The government’s promised heritage revitalisation for the Powerhouse Museum is broken. Labor’s plans will see the PHM gutted, emptied of its collections and demolished to the bare brick walls, erasing all trace of the 1988 museum. There is no attempt to repair, restore, conserve or renew any part of the actual Powerhouse Museum or its exhibitions. Instead of the government’s promised $250m heritage revitalisation, NSW taxpayers will be slugged more than $400 million for a large-scale demolition project that destroys the PHM’s heritage, design conception, exhibition capacity, education potential, museum assets, access to collections, and its appeal to schools and families.
The PHM’s exhibition space shrinks by 75%; from 25 flexible exhibition spaces to just three large empty spaces for unspecified ‘contemporary’ uses. ‘Decluttering’ the museum’s spaces is code for collection eviction and the demolition of all the mezzanine exhibition galleries over five levels. If approved, the plans will destroy the PHM’s interiors and 22 flexible exhibition spaces for applied arts, design, history, science, technology, transport, space, interactives and exhibitions for kids and families. Read more here: Winkworth Labor’s Broken Promises on the PHM July 7 2024
16 December 2023
‘Labor’s Ten Broken Promises on the Powerhouse Museum, and More’
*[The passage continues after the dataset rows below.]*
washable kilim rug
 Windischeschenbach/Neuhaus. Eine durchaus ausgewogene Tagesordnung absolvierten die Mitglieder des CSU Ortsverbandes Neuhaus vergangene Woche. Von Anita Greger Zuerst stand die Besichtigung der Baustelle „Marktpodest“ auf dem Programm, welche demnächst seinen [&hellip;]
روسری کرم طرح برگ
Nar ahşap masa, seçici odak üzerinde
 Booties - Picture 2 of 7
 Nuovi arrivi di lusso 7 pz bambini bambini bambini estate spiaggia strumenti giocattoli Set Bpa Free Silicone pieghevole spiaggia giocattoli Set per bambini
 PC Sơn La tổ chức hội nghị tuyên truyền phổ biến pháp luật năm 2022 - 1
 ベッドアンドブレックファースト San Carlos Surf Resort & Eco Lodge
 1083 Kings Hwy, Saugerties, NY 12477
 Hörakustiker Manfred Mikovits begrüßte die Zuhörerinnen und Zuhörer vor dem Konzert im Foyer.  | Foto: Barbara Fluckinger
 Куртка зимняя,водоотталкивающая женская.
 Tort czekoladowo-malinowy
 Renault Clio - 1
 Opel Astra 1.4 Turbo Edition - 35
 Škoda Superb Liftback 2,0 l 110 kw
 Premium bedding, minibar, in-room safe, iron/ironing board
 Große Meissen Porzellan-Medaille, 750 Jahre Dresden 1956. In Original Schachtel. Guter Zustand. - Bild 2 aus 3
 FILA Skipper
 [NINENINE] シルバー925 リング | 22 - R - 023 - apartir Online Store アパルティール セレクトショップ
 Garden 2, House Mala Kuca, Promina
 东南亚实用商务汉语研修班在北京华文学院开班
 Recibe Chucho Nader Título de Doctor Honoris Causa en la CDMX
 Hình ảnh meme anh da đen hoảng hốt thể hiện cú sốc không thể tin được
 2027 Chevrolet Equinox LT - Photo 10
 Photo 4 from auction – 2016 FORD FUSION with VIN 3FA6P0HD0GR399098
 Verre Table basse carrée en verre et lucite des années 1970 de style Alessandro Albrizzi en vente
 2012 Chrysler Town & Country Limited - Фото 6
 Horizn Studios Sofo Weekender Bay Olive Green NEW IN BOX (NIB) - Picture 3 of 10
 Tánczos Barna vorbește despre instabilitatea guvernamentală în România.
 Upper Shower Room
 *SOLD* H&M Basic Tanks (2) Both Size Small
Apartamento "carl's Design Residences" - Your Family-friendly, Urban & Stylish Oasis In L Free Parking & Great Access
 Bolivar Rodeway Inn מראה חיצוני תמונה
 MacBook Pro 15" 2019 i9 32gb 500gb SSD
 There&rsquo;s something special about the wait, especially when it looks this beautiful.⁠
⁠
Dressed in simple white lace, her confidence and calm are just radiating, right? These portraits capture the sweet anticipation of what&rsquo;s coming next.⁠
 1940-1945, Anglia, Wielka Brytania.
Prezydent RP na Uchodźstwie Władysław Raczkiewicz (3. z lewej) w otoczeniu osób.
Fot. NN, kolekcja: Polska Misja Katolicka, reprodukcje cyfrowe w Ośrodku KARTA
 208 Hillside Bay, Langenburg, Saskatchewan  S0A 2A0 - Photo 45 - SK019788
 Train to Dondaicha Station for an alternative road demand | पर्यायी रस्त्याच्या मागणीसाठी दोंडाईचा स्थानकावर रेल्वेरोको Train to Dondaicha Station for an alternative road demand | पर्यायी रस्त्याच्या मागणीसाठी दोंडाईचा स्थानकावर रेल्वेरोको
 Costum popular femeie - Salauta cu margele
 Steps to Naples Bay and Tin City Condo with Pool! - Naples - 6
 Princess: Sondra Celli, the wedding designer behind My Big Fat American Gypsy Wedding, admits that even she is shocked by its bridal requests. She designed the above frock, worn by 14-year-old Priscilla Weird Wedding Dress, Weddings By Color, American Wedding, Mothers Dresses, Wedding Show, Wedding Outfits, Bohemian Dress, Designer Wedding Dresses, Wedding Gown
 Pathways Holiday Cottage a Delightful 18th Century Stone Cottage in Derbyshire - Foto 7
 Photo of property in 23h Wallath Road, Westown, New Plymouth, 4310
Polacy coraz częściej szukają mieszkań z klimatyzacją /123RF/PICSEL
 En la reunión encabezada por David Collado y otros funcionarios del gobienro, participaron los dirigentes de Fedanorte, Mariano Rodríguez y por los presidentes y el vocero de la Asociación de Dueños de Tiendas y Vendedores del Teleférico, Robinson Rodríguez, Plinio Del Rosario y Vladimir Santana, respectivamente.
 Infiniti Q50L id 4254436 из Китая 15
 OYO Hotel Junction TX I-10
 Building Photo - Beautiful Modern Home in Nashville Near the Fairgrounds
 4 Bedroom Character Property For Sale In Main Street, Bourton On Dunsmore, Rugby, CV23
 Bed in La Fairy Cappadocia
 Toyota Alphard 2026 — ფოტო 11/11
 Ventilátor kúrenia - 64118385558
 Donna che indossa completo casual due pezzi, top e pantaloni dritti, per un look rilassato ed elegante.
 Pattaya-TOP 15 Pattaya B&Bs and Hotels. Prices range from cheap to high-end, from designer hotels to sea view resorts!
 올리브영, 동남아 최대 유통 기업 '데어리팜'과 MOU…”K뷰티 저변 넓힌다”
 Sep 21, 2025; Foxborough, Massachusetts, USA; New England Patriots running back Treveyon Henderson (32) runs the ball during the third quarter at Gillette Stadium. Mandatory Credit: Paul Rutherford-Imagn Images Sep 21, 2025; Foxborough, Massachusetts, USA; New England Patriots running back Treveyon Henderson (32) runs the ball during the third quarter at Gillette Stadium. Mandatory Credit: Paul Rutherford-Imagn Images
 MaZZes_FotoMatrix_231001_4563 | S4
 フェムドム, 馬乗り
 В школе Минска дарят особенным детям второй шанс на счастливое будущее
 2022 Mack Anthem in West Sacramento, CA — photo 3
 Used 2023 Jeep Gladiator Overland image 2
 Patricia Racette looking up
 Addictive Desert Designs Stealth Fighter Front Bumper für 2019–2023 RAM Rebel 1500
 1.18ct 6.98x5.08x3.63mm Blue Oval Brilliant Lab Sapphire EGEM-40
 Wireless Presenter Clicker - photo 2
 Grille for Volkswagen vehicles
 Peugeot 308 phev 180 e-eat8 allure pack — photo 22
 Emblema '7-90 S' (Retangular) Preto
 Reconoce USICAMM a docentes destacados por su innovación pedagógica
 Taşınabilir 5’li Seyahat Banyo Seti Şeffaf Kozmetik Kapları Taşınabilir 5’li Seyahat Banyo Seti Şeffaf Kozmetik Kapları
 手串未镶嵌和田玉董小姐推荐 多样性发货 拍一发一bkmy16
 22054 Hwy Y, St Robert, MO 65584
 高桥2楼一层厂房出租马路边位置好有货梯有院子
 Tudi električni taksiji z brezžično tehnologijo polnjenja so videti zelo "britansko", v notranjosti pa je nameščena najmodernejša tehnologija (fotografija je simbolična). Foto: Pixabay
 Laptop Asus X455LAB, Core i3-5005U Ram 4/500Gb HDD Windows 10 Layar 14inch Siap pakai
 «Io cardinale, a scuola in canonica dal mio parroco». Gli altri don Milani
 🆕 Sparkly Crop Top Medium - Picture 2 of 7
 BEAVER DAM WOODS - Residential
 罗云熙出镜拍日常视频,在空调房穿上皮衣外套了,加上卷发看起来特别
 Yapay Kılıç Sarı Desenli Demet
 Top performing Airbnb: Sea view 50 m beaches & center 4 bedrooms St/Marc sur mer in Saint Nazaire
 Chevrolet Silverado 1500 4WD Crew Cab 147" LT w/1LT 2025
With well-resourced reference to nearly 40 news and media reports about Labor’s ‘Saving’ the Powerhouse Museum, Kylie Winkworth, museum expert and advocate in the Powerhouse Museum Alliance, identifies over ten broken promises made by Labor’s arts minister John Graham associated with the 2023 election. She summarised: ‘The Minns government is effectively defunding the Powerhouse Museum, a Labor cultural monument they promised to save and keep open.’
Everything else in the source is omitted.